Demonstration: Slutwalk: Am Samstag kommen die Schlampen

Slutwalks sind eine Bewegung aus Kanada, bei der junge Frauen gegen sexuelle Gewalt und gegen deren Verharmlosung in der Gesellschaft demonstrieren. Beim ersten Berliner Marsch sind auch Männer eingeladen.

Es ist an der Zeit auf die Straße zu gehen, findet Meredith Haaf. Die Mitbegründerin des Feminismus-Blog „Maedchenmannschaft.net“ und Co-Autorin des Buches „Wir Alpha-Mädchen – Warum Feminismus Spaß macht“ hat genug über den Geschlechterkampf gelesen, geschrieben, geredet. „Ich habe das Gefühl, die Leute haben die Schnauze voll von der Theorie“, sagt die Berlinerin. Es ist Zeit zu demonstrieren. Und zwar nicht mit einer stillen Mahnwache, sondern so schrill, laut und frech wie bei den Slutwalks in Kanada, USA, Australien, England, Frankreich und vielen anderen Ländern. Dort stöckelten bereits seit April Zehntausende Demonstrantinnen in Highheels und knappen Klamotten durch die Städte und verkündeten: „Ja, ich bin eine Schlampe!“ Am Samstag marschieren sie nun auch in Berlin, um 15 Uhr ab Wittenbergplatz. Die Demoroute führt über den Nollendorfplatz und den Potsdamer Platz bis zum Gendarmenmarkt, wo die Abschlusskundgebung stattfindet.

Auslöser der Protestwelle war die Bemerkung eines kanadischen Polizisten. Frauen sollten sich nicht „wie Schlampen kleiden“, um sexueller Gewalt vorzubeugen. Dass das ein Mythos ist, ist statistisch längst belegt. Mittlerweile hat der Polizist sich entschuldigt. Doch die Worte traten eine Diskussion los, die fast in Vergessenheit geraten war.

Der Fall in Kanada sei „exemplarisch dafür, welche Meinungen in weiten Kreisen verbreitet sind“, sagt die Slutwalk-Unterstützerin Carola Klein vom Beratungszentrum für Vergewaltigungsopfer LARA. „Es wird quasi eine Legitimation für Grenzüberschreitungen erteilt.“ Klein kommt das sehr bekannt vor. Selbst vor Gericht werde den Opfern sexueller Übergriffe häufig eine Mitschuld unterstellt. Mit einem solchen Vorbild vor Augen bleiben auch tradierte Strukturen und Denkweisen in der Bevölkerung bestehen. „Die entscheidenden Zeichen kommen mit dem Slutwalk jetzt von unten. Wir hoffen, dass sie oben ankommen“, sagt Klein.

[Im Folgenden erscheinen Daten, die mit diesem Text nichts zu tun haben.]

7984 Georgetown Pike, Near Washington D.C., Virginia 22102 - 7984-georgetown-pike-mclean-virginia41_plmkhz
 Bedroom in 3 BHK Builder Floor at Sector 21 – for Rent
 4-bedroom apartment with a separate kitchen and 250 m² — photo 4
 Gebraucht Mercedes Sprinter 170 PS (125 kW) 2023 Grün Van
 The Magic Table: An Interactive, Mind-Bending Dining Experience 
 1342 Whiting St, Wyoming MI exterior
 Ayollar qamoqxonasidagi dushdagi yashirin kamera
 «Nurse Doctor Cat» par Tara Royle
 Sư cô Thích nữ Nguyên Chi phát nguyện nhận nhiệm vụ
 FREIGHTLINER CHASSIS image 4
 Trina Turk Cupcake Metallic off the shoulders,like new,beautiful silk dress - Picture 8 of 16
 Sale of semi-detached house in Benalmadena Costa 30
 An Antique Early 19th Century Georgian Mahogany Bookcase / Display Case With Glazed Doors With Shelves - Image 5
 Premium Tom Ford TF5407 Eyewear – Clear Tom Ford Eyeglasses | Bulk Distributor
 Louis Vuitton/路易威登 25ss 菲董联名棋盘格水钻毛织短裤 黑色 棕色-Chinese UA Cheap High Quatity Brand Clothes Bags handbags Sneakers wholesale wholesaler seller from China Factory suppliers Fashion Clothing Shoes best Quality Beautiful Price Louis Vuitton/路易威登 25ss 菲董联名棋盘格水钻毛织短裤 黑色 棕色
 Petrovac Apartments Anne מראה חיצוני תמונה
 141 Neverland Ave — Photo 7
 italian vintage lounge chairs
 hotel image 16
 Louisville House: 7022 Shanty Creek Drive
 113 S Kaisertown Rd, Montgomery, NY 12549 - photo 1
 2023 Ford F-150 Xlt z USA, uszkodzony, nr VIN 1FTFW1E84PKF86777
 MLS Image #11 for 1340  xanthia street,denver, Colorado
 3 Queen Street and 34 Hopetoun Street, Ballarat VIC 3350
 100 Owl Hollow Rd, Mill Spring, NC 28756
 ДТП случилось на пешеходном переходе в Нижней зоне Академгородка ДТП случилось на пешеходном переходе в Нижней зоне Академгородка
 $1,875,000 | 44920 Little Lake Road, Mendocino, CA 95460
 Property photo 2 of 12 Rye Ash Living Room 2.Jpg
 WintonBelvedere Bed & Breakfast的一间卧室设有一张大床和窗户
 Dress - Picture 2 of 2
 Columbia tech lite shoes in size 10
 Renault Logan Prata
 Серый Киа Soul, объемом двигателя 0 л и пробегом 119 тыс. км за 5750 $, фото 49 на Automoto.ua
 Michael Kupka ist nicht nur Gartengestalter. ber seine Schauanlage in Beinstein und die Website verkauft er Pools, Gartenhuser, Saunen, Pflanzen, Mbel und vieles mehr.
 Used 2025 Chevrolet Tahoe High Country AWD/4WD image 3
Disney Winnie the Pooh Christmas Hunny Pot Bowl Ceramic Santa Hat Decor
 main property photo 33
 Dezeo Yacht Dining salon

Die Lust an der Provokation stößt auf Kritik. Lesen Sie weiter auf Seite 2.

3000 Teilnehmer sollen es am Samstag in Berlin werden, sagt Anne Wizorek, Sprecherin des Slutwalk Berlin. Angekündigt haben sich unter anderem eine Gruppe des Transgenialen CSD und die Prostituierten-Vereinigung Hydra. Auch die Autorin Charlotte Roche will teilnehmen, hat aber nicht definitiv zugesagt.

Die selbst ernannten Schlampen marschieren gegen sexuelle Gewalt und gegen deren Verharmlosung in der Gesellschaft. Sie fordern Respekt und ein Recht auf Selbstbestimmtheit, auch und gerade was den Kleidungsstil angeht.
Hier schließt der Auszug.